Malamku pukul 10.40, mataku menatap layar tak berkedip hanya untuk menikmati garis-garis pahatan Tuhan yang dibekukan dalam gambar-gambar. Sebuah senyum lalu melengkung diujung bibirku, teringat bagaimana pertama kali aku jatuh hati.
Semakin aku menikmati tiap potongan gambar diammu batinku tertawa kecut betapa aku begitu jatuh tersungkur di hadapanmu, begitu aku telah jauh menggandaikan apa yang orang katakan harga diri hanya demi untuk menerima kalimat-kalimat, jawaban-jawaban pendek darimu.
Ini sebuah kegilaan yang jika bahasanya diperhalus mungkin bisa dikatakan cinta.
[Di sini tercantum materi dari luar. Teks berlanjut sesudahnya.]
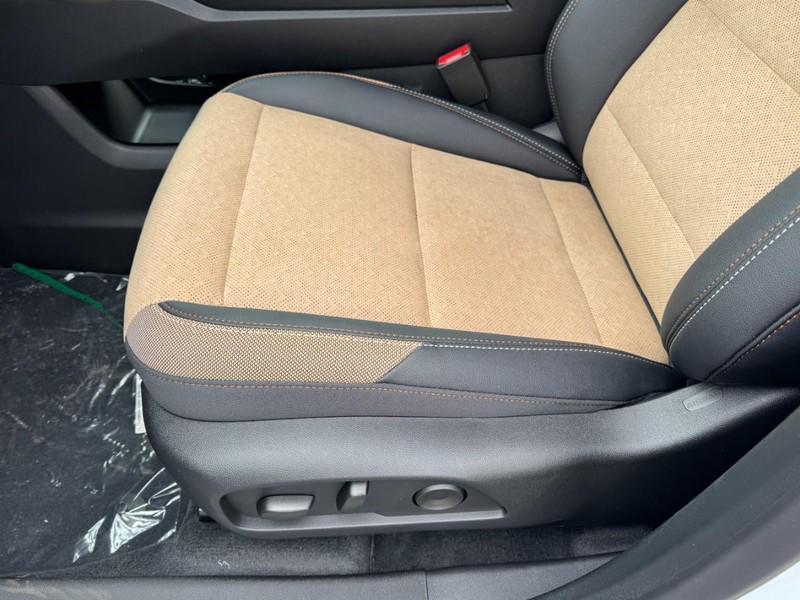 new 2026 Chevrolet Equinox car, priced at $32,091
Tapi aku lebih suka menganggapnya kegilaan saja, sebuah obsesi, sebuah khayalan untuk memiliki.
Malam semakin larut dan aku masih saja bermesraan dengan gambar diammu, mengganggap bahwa tatapan matamu itu memang kau desain hanya untuk menatapku menemani malamku yang tanpa kopi. Ah, buat apa aku butuh kopi, sedang kamu adalah kafein yang nyata untukku. Senyum bekumu itu sudah bisa mengaktifkan hormon bahagiaku yang akan mengaktifkan otakku untuk terus bekerja.
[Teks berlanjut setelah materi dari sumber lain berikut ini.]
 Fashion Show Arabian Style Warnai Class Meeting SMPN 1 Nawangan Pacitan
Semakin aku menatapmu di potret itu, khayalanku menanjak tinggi. Aku membayangkan kamu ada di sampingku menangkupkan penghangat tubuh di pundakku. Ya, malam ini begitu dingin untuk duduk sendirian dan menatap layar tak berkedip. Aku butuh baju tebal yang bisa mendekap tubuhku dan itu aku harap dari kamu.
Nyatanya, malam inipun aku tak tahu kamu dimana. Apa kamu lagi ngumpul dan ngopi-ngopi sama temanmu? Atau kamu lagi mengintimidasi laptop sepertiku yang kau sebut kegiatan produktif. Aku tidak tahu apa kamu begitu hangat di sana atau merasa dingin seperti yang aku rasakan saat ini. Aku tidak tahu apakah kamu menyeduh kopi kesukaanmu atau ada seseorang spesial yang menemanimu hingga kafein dari kopi idolamu tak lagi perlu.
Yang aku tahu aku sekarang rindu, tak bisa hanya melihat gambarmu di mayaku. Aku butuh untuk sekedar live melihat kamu. Tapi aku tak tahu lagi harus mencarimu dimana, aku tak tahu tempat nongkrong produktifmu dan racun rindu ini semakin lama semakin membunuhku.
Apa kamu bilang ini omong kosong? Aku juga ingin menganggap ini omong kosong seperti kamu, sayangnya aku tak bisa bohong pada diriku sendiri. Aku rindu, rindu, rindu, rindu. Aku harap rinduku akan sampai biar kamu mengerti aku rindu, rindu, dan rindu maka datanglah padaku pakai cara apapun biar aku tetap hidup dan menemukan penawarnya.